§ What the exercise asks: Using the listing below, print the line containing "Tiết mục văn", the line containing "5632 SW 20th Street West Park FL 33023", and each line between them, exactly and nothing else. Pictures stay out of the print.

§ Data extract:
§
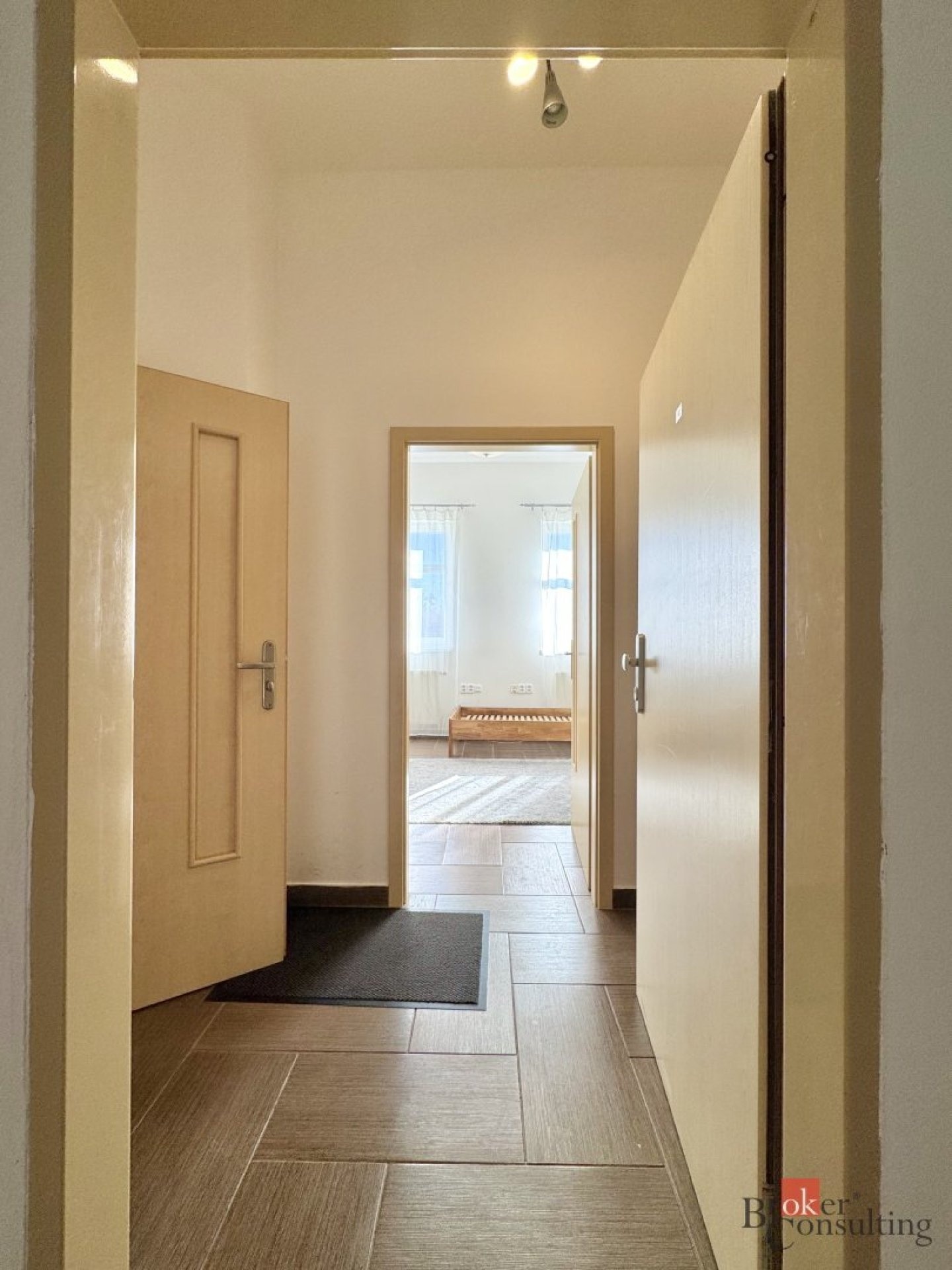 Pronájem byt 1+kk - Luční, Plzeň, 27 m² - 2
§
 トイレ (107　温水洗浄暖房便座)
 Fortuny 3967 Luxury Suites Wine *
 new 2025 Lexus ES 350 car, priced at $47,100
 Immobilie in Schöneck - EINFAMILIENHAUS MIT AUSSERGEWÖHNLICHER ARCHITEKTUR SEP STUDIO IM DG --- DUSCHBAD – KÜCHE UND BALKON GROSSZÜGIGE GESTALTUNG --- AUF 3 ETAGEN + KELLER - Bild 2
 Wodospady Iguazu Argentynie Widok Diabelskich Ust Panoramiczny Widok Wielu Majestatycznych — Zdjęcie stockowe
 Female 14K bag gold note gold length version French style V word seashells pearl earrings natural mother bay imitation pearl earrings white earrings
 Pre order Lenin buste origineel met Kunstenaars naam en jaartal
§
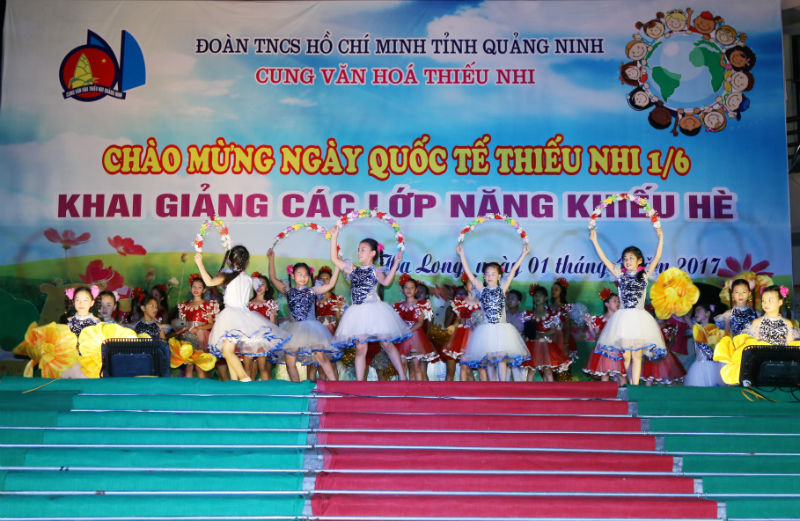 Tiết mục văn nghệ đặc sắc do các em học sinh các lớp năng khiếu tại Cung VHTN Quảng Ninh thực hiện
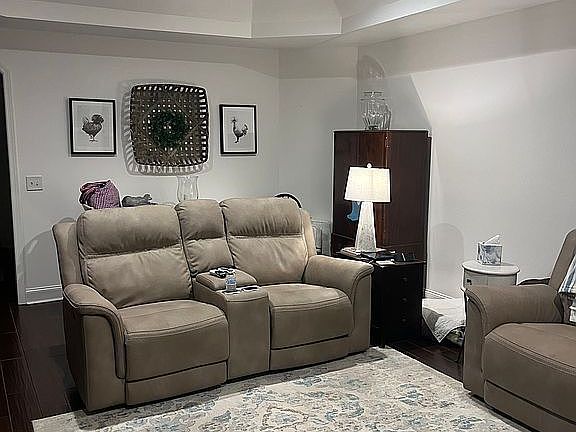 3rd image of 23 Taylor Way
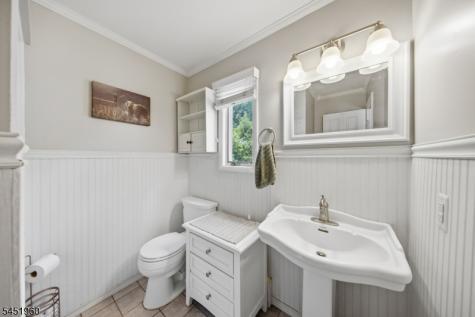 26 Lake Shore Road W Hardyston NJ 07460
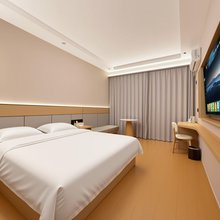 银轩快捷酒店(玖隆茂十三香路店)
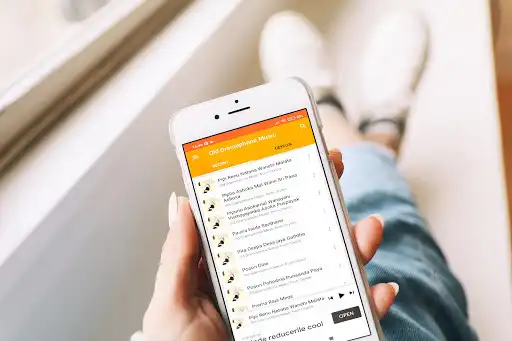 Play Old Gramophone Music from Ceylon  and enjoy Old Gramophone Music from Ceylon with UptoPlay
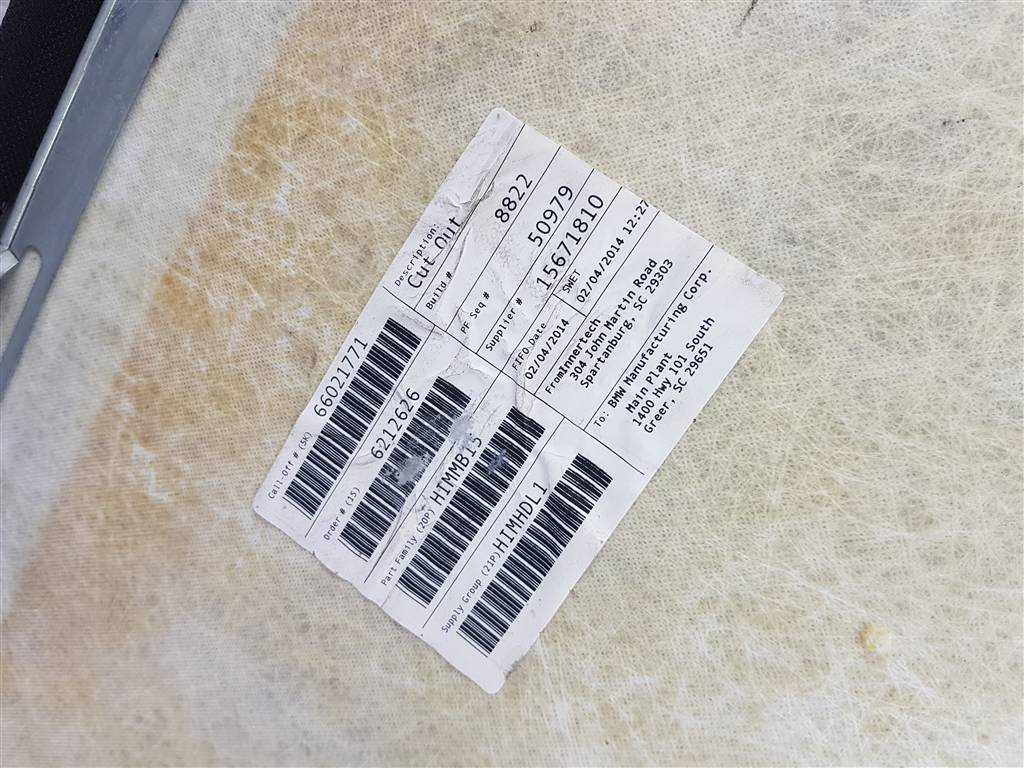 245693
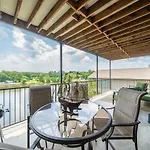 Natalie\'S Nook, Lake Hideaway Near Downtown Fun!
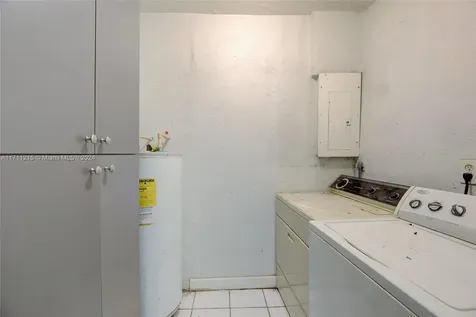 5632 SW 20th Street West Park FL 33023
§
§ Expected answer:
 Tiết mục văn nghệ đặc sắc do các em học sinh các lớp năng khiếu tại Cung VHTN Quảng Ninh thực hiện
 3rd image of 23 Taylor Way
 26 Lake Shore Road W Hardyston NJ 07460
 银轩快捷酒店(玖隆茂十三香路店)
 Play Old Gramophone Music from Ceylon  and enjoy Old Gramophone Music from Ceylon with UptoPlay
 245693
 Natalie\'S Nook, Lake Hideaway Near Downtown Fun!
 5632 SW 20th Street West Park FL 33023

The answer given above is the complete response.